• **WHAT THE EXERCISE ASKS**
Using the data below, output a verbatim copy of the lines between the one holding "Cassinia quinquefaria at" and the one holding "An adult medium-sized", inclusive, without any pictures.

• **SOURCE RECORDS**
===
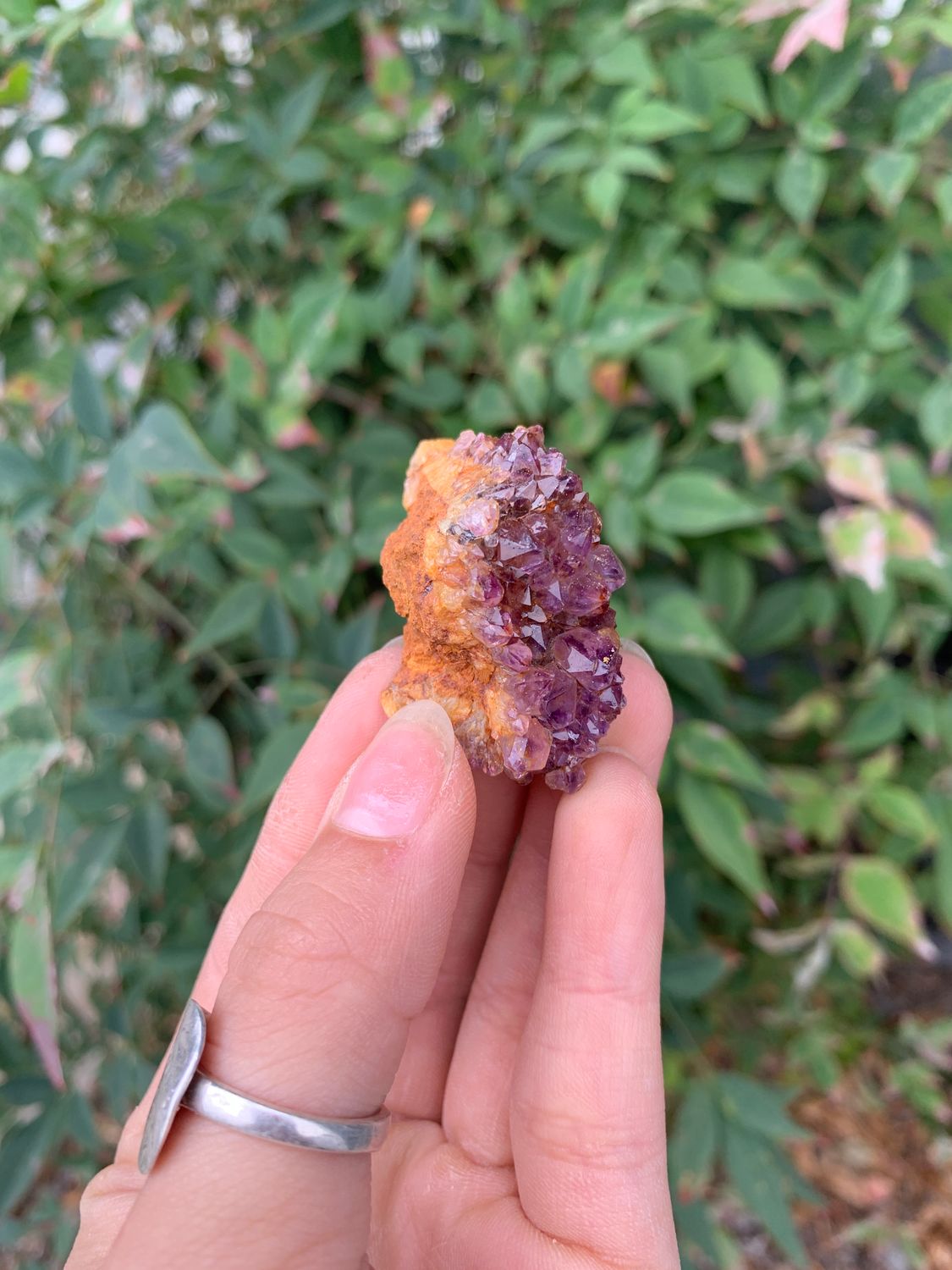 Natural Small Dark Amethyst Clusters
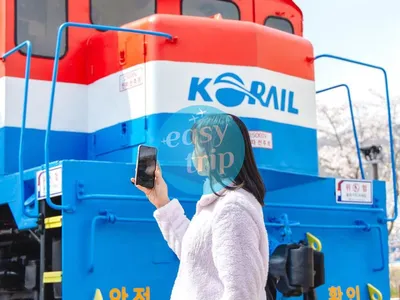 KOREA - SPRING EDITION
===
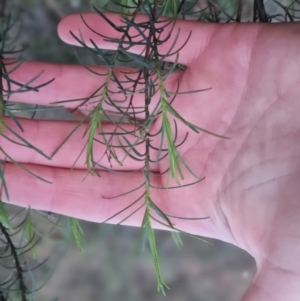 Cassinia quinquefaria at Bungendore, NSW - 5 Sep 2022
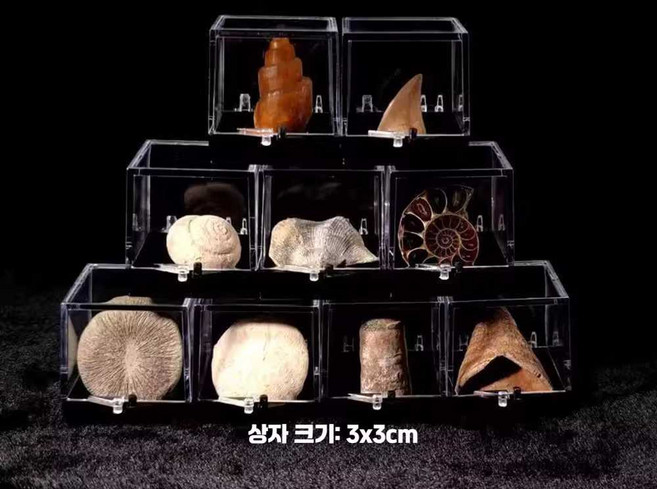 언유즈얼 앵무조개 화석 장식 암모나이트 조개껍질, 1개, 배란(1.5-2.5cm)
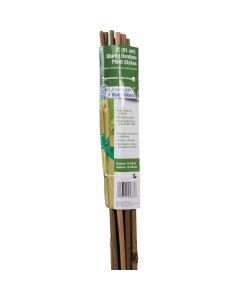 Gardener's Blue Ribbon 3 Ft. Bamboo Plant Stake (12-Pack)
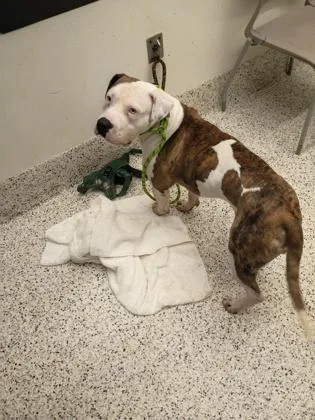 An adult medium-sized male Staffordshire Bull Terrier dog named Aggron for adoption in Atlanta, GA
===
• **OUTPUT FOR THIS TASK**
 Cassinia quinquefaria at Bungendore, NSW - 5 Sep 2022
 언유즈얼 앵무조개 화석 장식 암모나이트 조개껍질, 1개, 배란(1.5-2.5cm)
 Gardener's Blue Ribbon 3 Ft. Bamboo Plant Stake (12-Pack)
 An adult medium-sized male Staffordshire Bull Terrier dog named Aggron for adoption in Atlanta, GA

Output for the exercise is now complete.